### Required work
Your job is to return every line in the data holding the string "shower".

Scraped caption text data
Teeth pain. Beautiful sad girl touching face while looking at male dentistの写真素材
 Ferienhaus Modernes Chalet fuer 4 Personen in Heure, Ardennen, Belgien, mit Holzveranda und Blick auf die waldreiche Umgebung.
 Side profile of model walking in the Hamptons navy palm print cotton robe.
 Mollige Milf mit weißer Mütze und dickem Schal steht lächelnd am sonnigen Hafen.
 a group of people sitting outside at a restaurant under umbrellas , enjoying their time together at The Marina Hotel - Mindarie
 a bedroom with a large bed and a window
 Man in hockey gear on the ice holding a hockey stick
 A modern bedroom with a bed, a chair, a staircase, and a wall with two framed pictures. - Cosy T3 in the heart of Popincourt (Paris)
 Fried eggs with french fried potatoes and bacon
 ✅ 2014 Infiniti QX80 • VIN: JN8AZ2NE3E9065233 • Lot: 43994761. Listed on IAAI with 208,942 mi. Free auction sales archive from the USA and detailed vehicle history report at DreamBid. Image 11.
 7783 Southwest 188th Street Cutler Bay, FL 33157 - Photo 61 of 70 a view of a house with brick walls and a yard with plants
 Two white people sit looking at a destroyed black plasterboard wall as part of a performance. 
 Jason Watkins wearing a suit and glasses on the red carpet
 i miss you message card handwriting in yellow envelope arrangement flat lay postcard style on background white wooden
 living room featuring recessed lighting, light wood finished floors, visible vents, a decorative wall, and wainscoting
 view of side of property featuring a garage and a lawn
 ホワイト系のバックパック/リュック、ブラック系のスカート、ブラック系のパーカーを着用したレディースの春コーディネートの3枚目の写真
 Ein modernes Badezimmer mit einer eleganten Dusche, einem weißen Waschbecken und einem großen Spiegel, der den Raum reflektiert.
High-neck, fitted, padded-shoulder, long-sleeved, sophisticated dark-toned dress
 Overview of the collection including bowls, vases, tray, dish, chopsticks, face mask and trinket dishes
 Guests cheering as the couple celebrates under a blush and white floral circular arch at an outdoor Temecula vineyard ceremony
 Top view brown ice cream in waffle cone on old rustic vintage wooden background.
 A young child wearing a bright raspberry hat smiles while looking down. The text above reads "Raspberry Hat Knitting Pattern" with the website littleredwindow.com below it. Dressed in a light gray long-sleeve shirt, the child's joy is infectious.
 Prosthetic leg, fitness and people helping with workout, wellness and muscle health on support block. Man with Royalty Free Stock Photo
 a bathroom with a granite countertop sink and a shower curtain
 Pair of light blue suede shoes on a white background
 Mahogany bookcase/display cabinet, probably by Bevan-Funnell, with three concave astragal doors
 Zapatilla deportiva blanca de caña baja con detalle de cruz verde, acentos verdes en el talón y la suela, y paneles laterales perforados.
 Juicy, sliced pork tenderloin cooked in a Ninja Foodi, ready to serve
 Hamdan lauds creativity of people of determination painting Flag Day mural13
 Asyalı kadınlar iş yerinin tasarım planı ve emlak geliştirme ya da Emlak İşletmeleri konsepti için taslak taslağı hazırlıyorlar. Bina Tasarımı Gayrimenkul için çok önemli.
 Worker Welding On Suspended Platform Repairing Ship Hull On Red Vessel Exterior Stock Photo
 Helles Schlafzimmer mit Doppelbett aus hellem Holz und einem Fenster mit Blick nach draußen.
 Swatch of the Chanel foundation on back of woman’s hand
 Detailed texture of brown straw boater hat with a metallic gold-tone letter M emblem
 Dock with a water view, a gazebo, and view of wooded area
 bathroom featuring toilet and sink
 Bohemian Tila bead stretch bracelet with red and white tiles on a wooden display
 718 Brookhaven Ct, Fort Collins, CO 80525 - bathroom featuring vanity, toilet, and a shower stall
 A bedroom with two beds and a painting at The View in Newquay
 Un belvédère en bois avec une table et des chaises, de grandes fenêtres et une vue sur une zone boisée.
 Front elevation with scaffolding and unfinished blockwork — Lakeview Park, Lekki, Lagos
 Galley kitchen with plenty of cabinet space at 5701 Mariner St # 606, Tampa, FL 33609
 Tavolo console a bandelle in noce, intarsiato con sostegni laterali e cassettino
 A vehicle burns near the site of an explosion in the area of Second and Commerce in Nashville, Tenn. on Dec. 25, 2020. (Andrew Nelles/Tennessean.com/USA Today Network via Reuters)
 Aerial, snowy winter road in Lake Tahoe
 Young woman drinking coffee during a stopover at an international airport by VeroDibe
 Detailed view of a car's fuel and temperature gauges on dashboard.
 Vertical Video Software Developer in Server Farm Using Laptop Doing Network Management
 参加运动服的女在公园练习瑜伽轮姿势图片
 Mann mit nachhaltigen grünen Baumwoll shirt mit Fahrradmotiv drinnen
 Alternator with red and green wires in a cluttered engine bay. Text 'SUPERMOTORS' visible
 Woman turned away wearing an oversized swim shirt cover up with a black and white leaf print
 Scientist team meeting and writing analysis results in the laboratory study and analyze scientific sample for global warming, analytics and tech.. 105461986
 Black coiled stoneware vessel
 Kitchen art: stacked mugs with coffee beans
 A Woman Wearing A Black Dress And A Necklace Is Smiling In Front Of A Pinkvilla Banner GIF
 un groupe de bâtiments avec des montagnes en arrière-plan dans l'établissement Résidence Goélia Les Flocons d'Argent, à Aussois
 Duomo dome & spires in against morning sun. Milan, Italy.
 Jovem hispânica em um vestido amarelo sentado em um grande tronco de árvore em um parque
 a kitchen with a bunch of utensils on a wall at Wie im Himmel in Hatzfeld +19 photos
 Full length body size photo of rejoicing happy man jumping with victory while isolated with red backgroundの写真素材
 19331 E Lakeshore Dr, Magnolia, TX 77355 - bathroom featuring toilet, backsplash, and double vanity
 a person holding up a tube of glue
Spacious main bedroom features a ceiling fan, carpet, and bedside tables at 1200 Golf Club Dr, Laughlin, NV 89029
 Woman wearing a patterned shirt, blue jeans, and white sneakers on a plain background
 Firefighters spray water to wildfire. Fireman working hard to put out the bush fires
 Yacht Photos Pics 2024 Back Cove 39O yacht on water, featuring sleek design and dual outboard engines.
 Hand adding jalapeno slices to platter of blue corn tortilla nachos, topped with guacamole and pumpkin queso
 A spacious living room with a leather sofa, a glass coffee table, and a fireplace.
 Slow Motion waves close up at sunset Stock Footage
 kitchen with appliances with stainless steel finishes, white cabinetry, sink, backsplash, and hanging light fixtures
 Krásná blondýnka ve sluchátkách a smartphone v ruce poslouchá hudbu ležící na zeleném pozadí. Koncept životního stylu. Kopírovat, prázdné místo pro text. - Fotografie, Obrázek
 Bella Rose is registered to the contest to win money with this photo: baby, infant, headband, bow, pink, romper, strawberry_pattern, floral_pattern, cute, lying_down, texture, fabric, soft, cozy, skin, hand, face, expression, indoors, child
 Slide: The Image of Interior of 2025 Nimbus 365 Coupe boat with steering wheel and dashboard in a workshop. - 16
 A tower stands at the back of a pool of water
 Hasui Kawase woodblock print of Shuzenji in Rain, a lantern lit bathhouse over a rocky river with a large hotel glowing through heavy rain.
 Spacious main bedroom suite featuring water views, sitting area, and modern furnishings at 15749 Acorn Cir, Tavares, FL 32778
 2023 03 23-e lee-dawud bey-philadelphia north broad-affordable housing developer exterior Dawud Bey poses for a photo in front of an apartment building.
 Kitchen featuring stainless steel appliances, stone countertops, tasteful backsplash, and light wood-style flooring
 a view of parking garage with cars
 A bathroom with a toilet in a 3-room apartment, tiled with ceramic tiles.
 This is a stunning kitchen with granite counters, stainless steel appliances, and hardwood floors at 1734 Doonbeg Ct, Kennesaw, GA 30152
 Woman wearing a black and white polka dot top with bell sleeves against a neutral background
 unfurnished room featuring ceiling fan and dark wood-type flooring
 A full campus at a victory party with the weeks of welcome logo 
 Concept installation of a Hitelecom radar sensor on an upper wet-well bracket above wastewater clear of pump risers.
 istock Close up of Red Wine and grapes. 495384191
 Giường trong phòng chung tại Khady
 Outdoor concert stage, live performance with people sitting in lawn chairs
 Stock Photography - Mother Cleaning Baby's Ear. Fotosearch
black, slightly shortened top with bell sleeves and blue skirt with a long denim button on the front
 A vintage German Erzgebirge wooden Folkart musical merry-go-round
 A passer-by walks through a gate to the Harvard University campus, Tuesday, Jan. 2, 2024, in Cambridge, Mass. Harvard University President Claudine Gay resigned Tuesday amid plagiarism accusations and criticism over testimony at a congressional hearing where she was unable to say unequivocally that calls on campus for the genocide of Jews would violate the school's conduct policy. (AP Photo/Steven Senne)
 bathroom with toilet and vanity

### Completed exercise
 a bathroom with a granite countertop sink and a shower curtain
 718 Brookhaven Ct, Fort Collins, CO 80525 - bathroom featuring vanity, toilet, and a shower stall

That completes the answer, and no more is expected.